Já houve uma tentativa no parlamento regional de criar legislação sobre novas condições para o acesso ao benéfico ao gasóleo agrícola proposto pela Federação Agrícola, mas foi não foi aprovada pelo parlamento.

No entanto, existe um compromisso com o Governo de nova proposta ser colocada para apreciação e discussão na Assembleia Legislativa Regional, mas que até agora ainda não aconteceu.

- Por fim, uma das reivindicações mais antigas dos agricultores, que tem sido várias vezes discutida, tem sido a questão do valor elevado de Segurança Social pago pelos agricultores, o dificulta o ingresso dos jovens na agricultura, o que é que é preciso mudar?

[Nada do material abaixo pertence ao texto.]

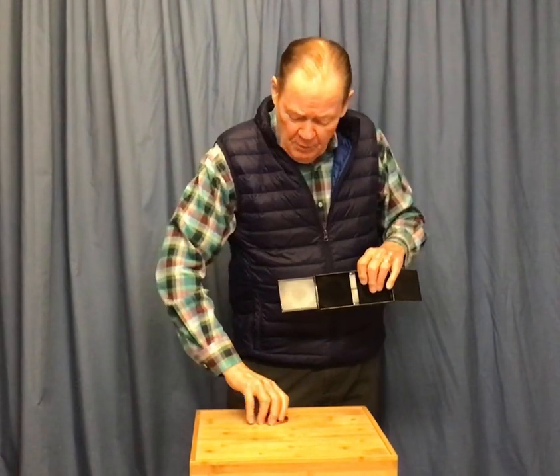Now here's what happens. I'm going to take the penny, pick it up, and put it in one side of the little box. Close the right-hand door, close the left-hand door. On the count of three, that penny will disappear. One, two, three — and look, the penny is gone.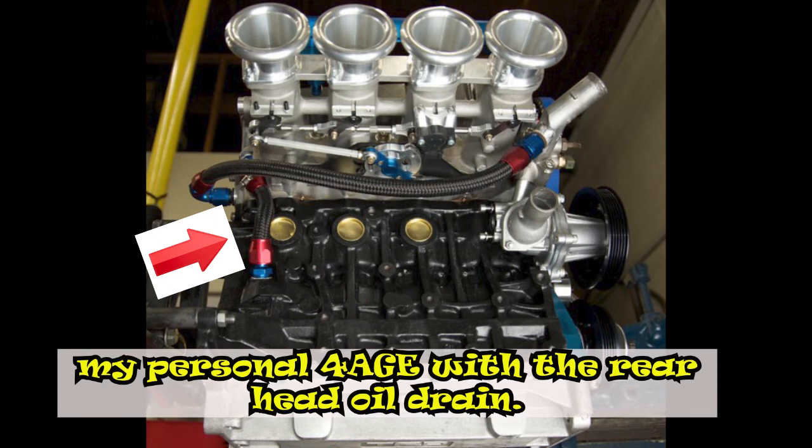In conclusion, I highly recommend anyone interested in the older 4AGE engines with a big port cylinder head to do this modification for the exact same reasons mentioned. Thank you for watching. If you like the video, please like, comment, and subscribe for more. Let me know in the comments what you think of the 4AGE engine — don't you think it may be old but still a great engine?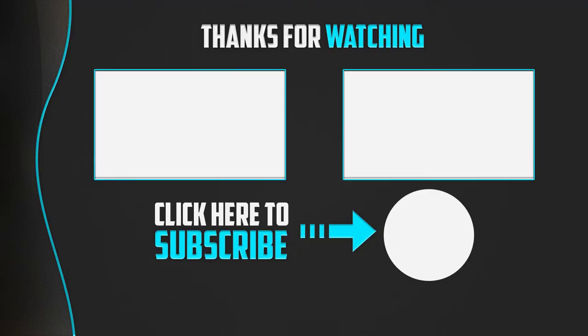Thank you for watching. I hope you liked this video. If this video was helpful to you, please make sure to like, comment, and subscribe.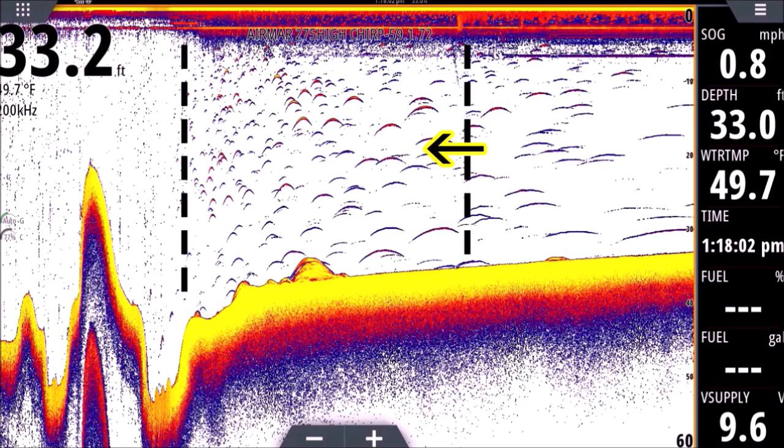Then in the middle we're slowing down — at about 10 to 15 miles an hour dropping off plane — and you can see those nice beautiful arches, the arches everyone wants to see when your fish finder looks great. Then to the right we're at a crawl, down to eight tenths of a mile an hour, so our returns look nice and long — they look wormy.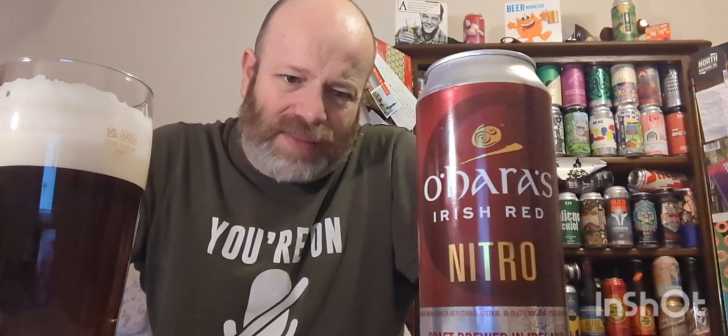It's everything I expect out of a nitro. The body is light and fluffy - the aeration of it all is very fluffy, very smooth, easy drinking. The flavor - it has got a little bit of flavor to it for a nitro. Hint of grain, there's a hint of slight berriness, a sourness, a bitterness there.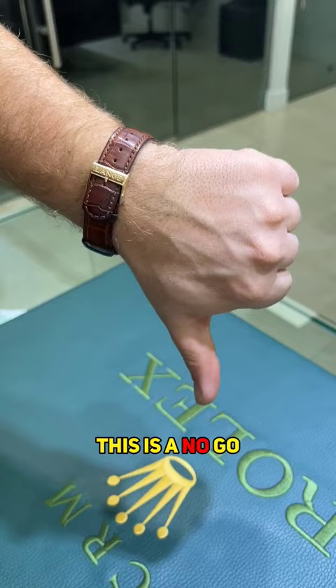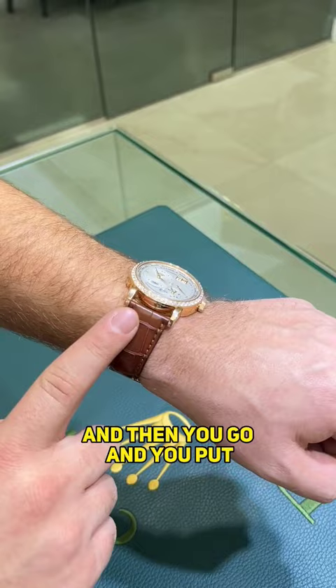If you wear your watch too tight, it cuts off circulation, you can't feel your fingers, and then you go and put unnecessary stretch and wear on your bracelet.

J. R. - Ou elimina-se o imposto da Segurança Social ou então terá de haver uma ajuda suplementar para os jovens agricultores acreditarem e terem confiança neste setor, não se pode estar incentivando e pedindo aos jovens agricultores que entrem para este mercado de trabalho, que é duro e com poucas receitas, e ainda por cima com uma brutalidade de impostos para pagar, na minha opinião a solução passa por se criar uma ajuda adicional aos jovens agricultores para a Segurança Social.